OCZ has had a long-standing relationship with my PC’s. I have had plenty of RAM, Power Supplies, and other various items in almost all of my rigs over the years. However, there hasn’t been an SSD from OCZ in the lab… until now. As far as SSDs go, I am a big fan of the Crucial M4 linup; so much so that it has made its home in my regular system. Today, OCZ thinks they can sway me with their Indilinx infused Vector SSD.
OCZ promises that this drive delivers “the industy’s fastest performance” at 100,000 random read and 95,000 random write IOPS. To add to that, they claim that this drive is capable of sequential read speeds of 550MB /s, sequential write speeds of 530 MB /s. These are pretty stout numbers; will they add up?
Note: The image below was captured from the OCZ product page.
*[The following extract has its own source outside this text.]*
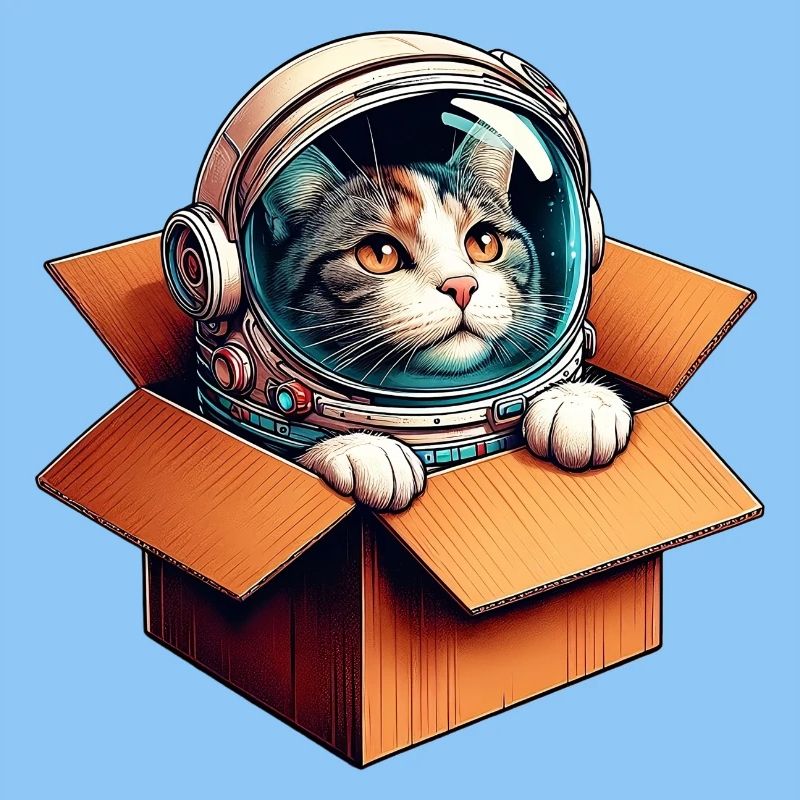 Chat astronaute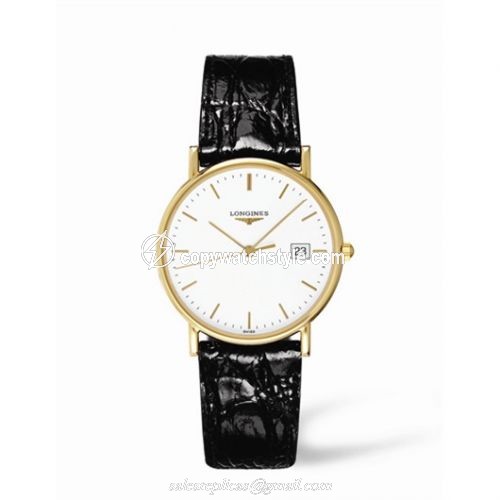Longines Presence 33.5 Quartz Gold L4.743.6.12.2 Longines Presence 33.5 Quartz Gold L4.743.6.12.2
The Vector is a 2.5″ SATA III drive available in 128GB (VTR1-25SAT3-128G), 256GB (VTR1-25SAT3-256G) and (512GB VTR1-25SAT3-512G) flavors that features an Indilinx Barefoot 3 controller, which is the reason for the Indilinx infused graphic. It supports TRIM and sports 25nm Multi-Level Cell (MLC) NAND. Inside the packaging you get the drive, a 2.5″ to 3.5″ adapter, a user manual, and an activation key for Acronis True Image HD software. The Vector will weigh you down a bit more than the Crucial M4, at 115g it is 45g heavier. The additional weight is attributed to the OCZ’s choice for the enclosure. It will also consume more juice than its competitor. The Vector will eat up .9W while idle and 2.25W while active vs the M4 at .065W idle and .15W active.
Additionally, this drive is rated for 20GB per day of host writes for 5 years, BCH ECC correction for up to 28 random bits/1KB, and a MTBF (Mean Time Before Failure) of 1.3 million hours. What does that add up to? A five year warranty… and some data reassurance.
Internally, the Vector homes sixteen of Micron’s 29F128G08CFAAB NAND. There are also versions of this drive floating around with OCZ branded NAND (M2502128T048SX22). Additionally, the Vector features a 256MB PC3-12800 (DDR3-1600) buffer on each side of the PCB. The thermal material on top of the Indilinx Barefoot 3 controller was left intact for later benchmarking.